Dutch is a Low Franconian language, which falls under the West Germanic languages, which in turn are part of the Germanic languages within the Indo-European language group. Dutch is an official language in the Netherlands, Belgium, Caribbean Netherlands, and Suriname. Dutch is also spoken in the north-western corner of France (French Flanders), small parts of Germany, and among the elderly in Indonesia and South Africa. Another 500,000 Dutch speakers can be found in the United States, Canada, Australia, and New Zealand. If we add all speakers of Dutch together, we end up with about 28 million people who speak Dutch as a first or second language. If we also include derived languages such as Afrikaans, the total amounts to 44 million.

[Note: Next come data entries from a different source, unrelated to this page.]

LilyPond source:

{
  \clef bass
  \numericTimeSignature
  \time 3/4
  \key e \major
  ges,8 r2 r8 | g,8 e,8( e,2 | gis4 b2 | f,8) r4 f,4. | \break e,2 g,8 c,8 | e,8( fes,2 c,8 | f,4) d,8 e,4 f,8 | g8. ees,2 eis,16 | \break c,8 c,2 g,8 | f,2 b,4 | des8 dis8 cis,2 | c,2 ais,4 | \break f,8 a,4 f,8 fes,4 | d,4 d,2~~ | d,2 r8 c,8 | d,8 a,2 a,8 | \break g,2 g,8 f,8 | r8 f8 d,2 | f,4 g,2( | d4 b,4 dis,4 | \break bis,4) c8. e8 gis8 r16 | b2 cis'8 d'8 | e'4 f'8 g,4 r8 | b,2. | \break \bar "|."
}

Afrikaans is the only full daughter language of Dutch. Papiamento (Antilles) and Sranantongo (Suriname) are called Dutch Creole languages, languages that originate from a mixture of languages. And then, there is a whole range of extinct Dutch Creole languages with beautiful names like Petjoh and Javindo (Indonesia), Mohawk Dutch (United States), Berbice and Skepi (Guyana), and Negerhollands (Virgin Islands and Puerto Rico).
The above may give the impression that Dutch is on the decline on a global scale. But that is hardly true. Dutch is currently being taught to 10,000 students at 220 universities in about 40 countries. Why? Some want to study the language and culture of their ancestors, others need Dutch for professional reasons. For instance, if you want to study sources in the New York Archives, you absolutely need Dutch.
Let’s perform a thought experiment and pretend that Standard Dutch and High German (Standard German) do not exist. This means it would no longer be possible to draw a language barrier between the Netherlands and Germany. There is a dialect continuum between both countries; all dialects from (roughly) the North Sea coast to the Polish border seamlessly blend into each other. The difference between the North German and Dutch dialects is smaller than that between the North and South German dialects. So technically, Dutch is more like German than German itself.